Jean-Paul Marat was a fiery republican journalist who was an important figure in the French revolutionary movement. A scientist (he translated Newton’s “Opticks” into French, among other accomplishments), after the revolution, he devoted himself to politics and propaganda. He was heavily involved in the factional struggles surrounding the revolution.

It was this latter that led to his death. Charlotte Corday was a member of a rival political faction, the Girondists, who believed that Marat was largely responsible for the fall of the Girondists – and that the outcome of that factional struggle might well lead to outright civil war in France. And so it was that Corday surprised Marat in his bathtub one night, stabbing him once in the carotid artery, which killed him in very short order. Later that year, he was immortalised in a painting, “The Death of Marat” by Jacques-Louis David, which has become an iconic image of revolutionary martyrdom.

Referenced in:

We Walk — REM

1990 – Kurt Cobain commits suicide

To his fans, and most other people for that matter, he must have seemed on top of the world. Why wouldn’t he? He was the lead singer and songwriter of Nirvana, the leader and figurehead of the Grunge movement (the reigning style of music and fashion), and considered as important culturally as Lennon or McCartney had been.

But Lennon and McCartney didn’t suffer from depression. Stardom seemed an unwanted distraction for Cobain – it was certainly an unwanted pressure. We may never know exactly what pushed him over the edge into absolute despair, but something did. Likely factors – most of which were exacerbated by his depression and its other symptoms, even while they too were symptoms – include Cobain’s drug use, his physical weariness after a long tour and bouts of illness, the sad state of his marriage to Courtney Love, and his long term depression.

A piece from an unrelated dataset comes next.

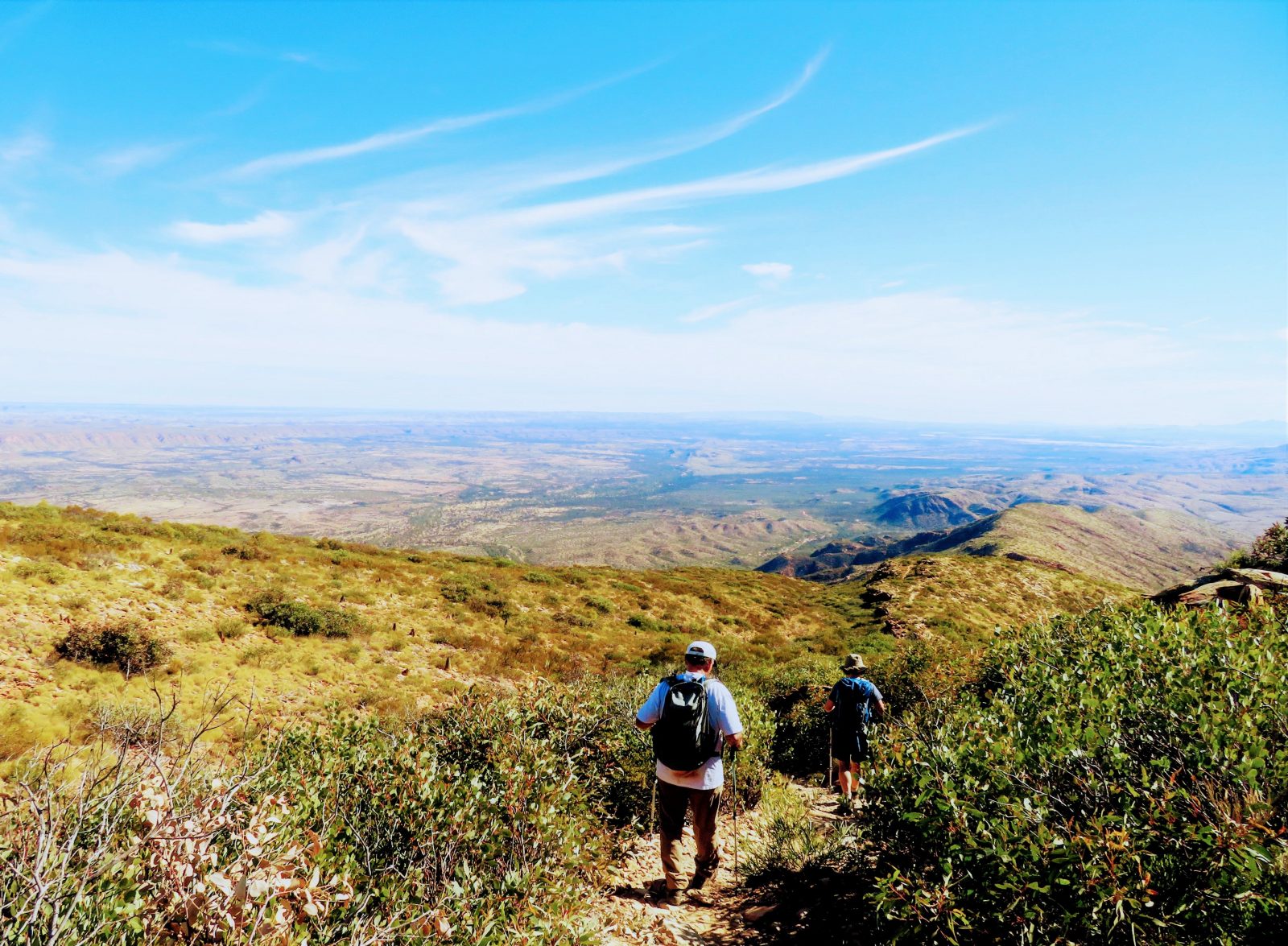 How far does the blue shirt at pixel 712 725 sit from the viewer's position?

His body was discovered on April 8, 1990. He had shot himself after taking a large dose of heroin (and possibly some diazepam) and writing a suicide note. The coroner later estimated that he had died on April 5. He was survived by his wife and daughter, his bandmates in Nirvana, the Grunge movement, and a number of urban myths that he had been murdered.

Referenced in:

Let Me In — REM
About a Boy — Patti Smith
Mighty K.C. — For Squirrels
Innocent — Our Lady Peace
Sleeps with Angels — Neil Young
You Were Right — Badly Drawn Boy
Too Cool Queenie — Stone Temple Pilots
Californication — Red Hot Chili Peppers
Rock And Roll Hall Of Death — Mitch Benn And The Distractions

1969 – Armstrong and Aldrin walk on the Moon

Really, what needs to be said?

Armstrong, Aldrin and Collins took off from the Kennedy Space Center, near Cape Canaveral, Florida, on July 16. Four days later, the lunar landing module, carrying Armstrong and Aldrin, landed on the Moon. They were supposed to take a sleep break, but Armstrong was impatient to walk on the moon – and who could blame him?

It was July 21 (UTC) by the time they began the EVA. They stayed on the lunar surface for about 150 minutes (15 minutes longer than was originally a plan). During this time, the two spoke to President Nixon in the White House, planted an American flag on the Moon, performed a number of scientific experiments and took numerous photographs, all of them now iconic images.

Despite what you may have heard, it is highly unlikely that the landings were faked. I do not believe that they were, and neither does Buzz Aldrin.

Referenced in:

I Was Only 19 — Redgum
Man On The Moon — REM
Shrink — Dead Kennedys
Saturn 5 — Inspiral Carpets
We Didn’t Start The Fire — Billy Joel
Armstrong, Aldrin and Collins — The Byrds
For Michael Collins, Jeffrey and me — Jethro Tull

1954 – Joseph Welch stops Joseph McCarthy in his tracks

Joseph McCarthy had been hunting the Reds under America’s beds for years when he turned his attention to the Army in 1953. But this time, it went badly for him. At the end of the Korean War, the Army was popular. And McCarthy’s own fortunes were fading, which fed his alcoholism and led to displays of arrogance as he tried to recapture the power he had once had.

In 1954, McCarthy was confronted by Joseph Welch, the Army’s head attorney. In a memorable exchange, he was repeatedly rebuked by Welch for trying to tar a young man in Welch’s office with his slurs. The part the Welch is most remembered for is these words:

“Let us not assassinate this lad further, Senator. You have done enough. Have you no sense of decency, sir? At long last, have you left no sense of decency?”

Referenced in:

Exhuming McCarthy – REM

Listen to the song – the actual sample appears in it.